Input records:
-- -- --
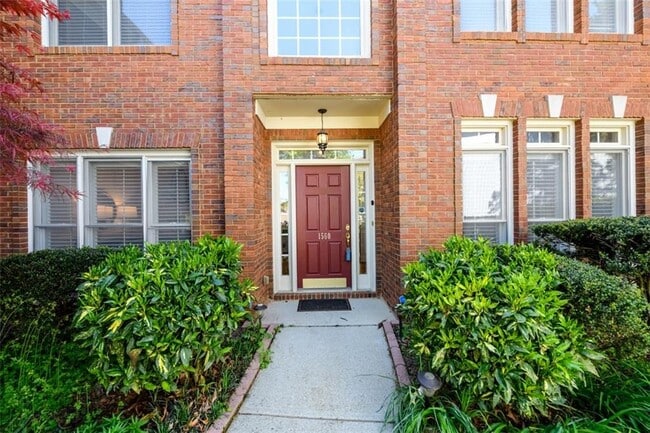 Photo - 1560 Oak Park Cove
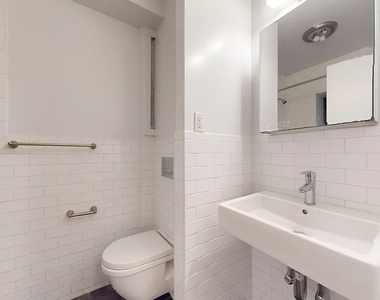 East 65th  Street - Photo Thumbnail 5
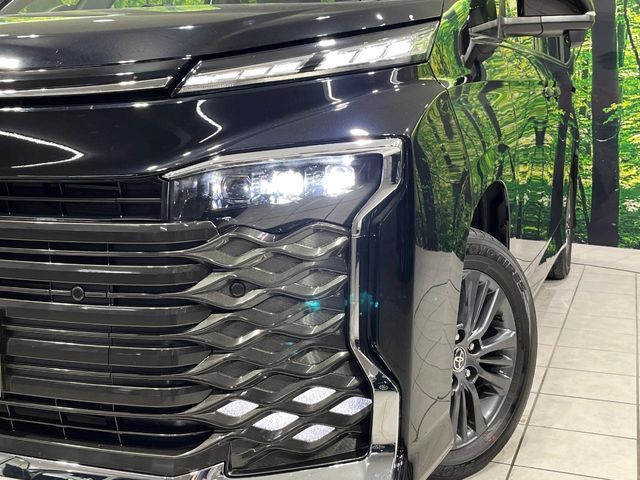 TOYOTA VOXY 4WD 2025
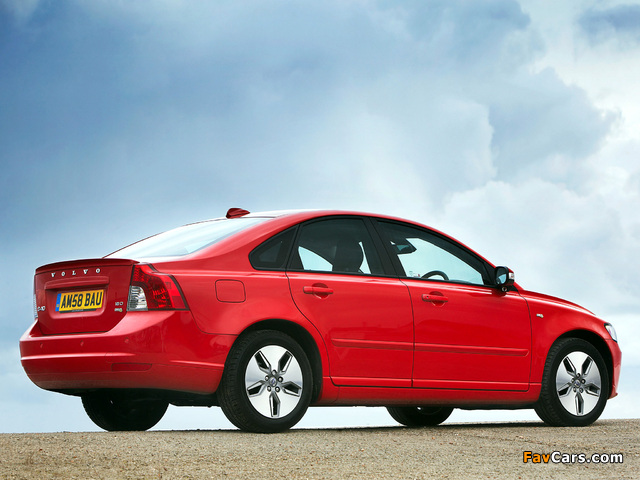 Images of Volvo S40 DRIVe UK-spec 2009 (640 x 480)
-- -- --
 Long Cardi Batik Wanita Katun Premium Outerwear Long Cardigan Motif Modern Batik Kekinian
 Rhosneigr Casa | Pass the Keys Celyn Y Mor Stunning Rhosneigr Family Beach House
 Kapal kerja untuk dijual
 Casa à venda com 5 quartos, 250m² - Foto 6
-- -- --
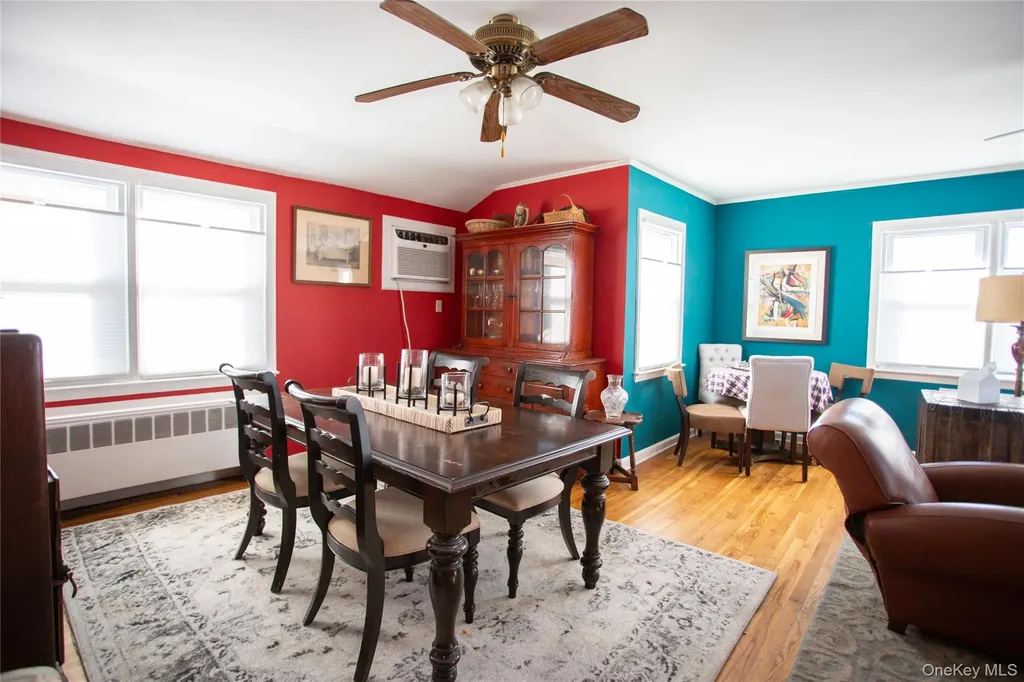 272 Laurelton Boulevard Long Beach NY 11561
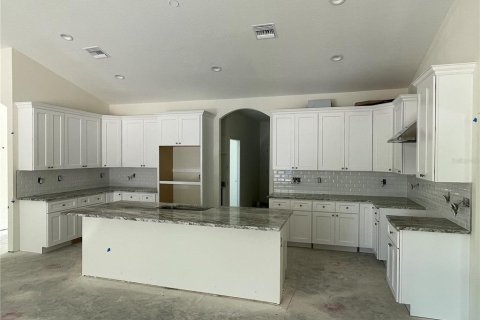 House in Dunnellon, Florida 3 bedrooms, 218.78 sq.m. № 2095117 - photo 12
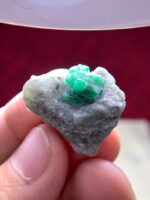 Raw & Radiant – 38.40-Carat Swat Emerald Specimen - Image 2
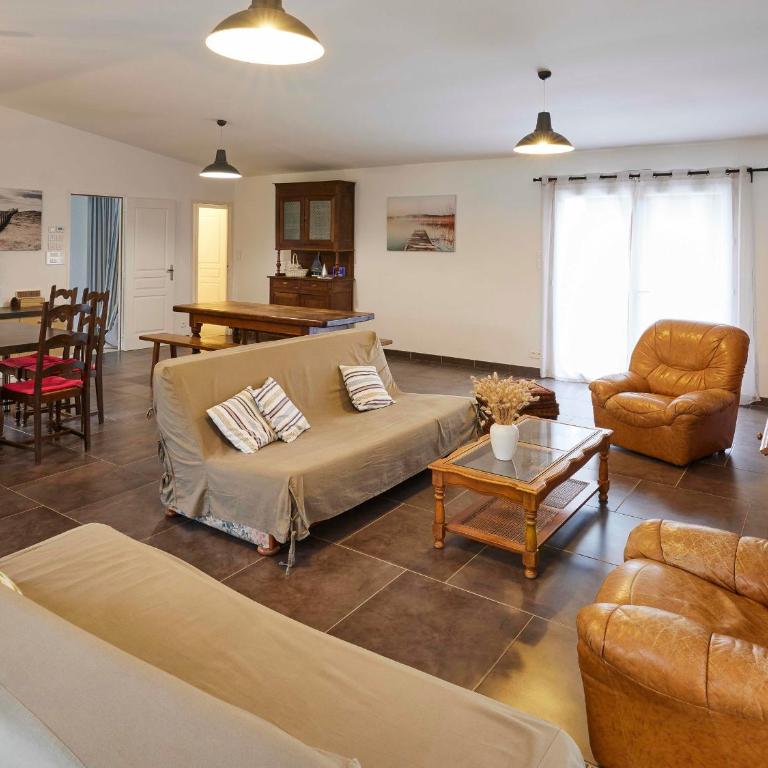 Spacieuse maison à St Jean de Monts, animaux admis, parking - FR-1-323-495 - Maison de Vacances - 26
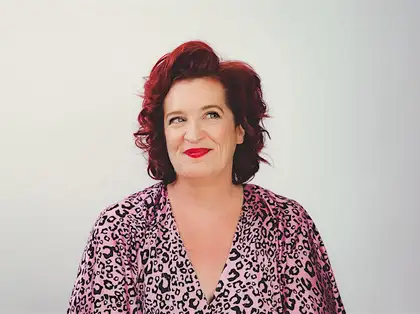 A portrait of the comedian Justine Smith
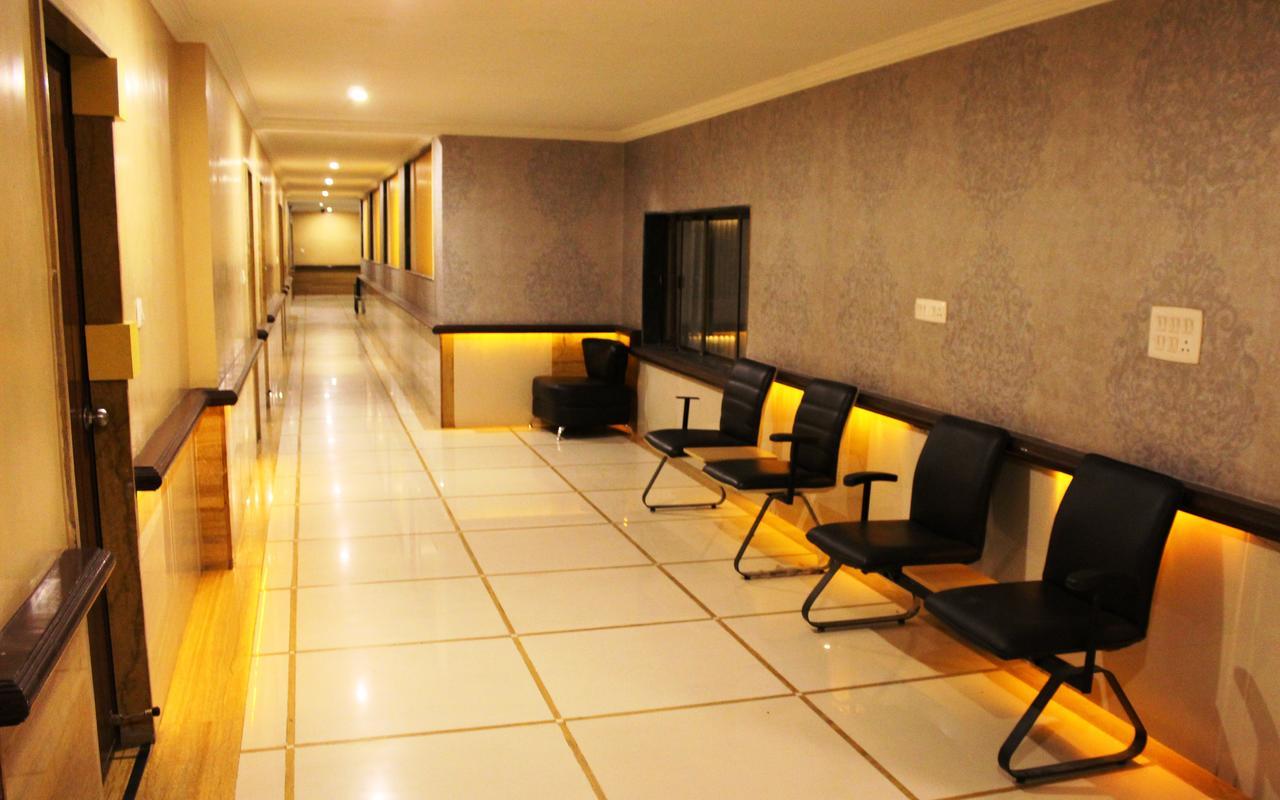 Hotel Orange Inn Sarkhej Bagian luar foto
-- -- --
When copying from the data above, begin at the line containing "Spacieuse maison à" and end at the line containing "Hotel Orange Inn Sarkhej Bagian luar foto"; return those lines exactly and leave all pictures behind.

Exercise output:
 Spacieuse maison à St Jean de Monts, animaux admis, parking - FR-1-323-495 - Maison de Vacances - 26
 A portrait of the comedian Justine Smith
 Hotel Orange Inn Sarkhej Bagian luar foto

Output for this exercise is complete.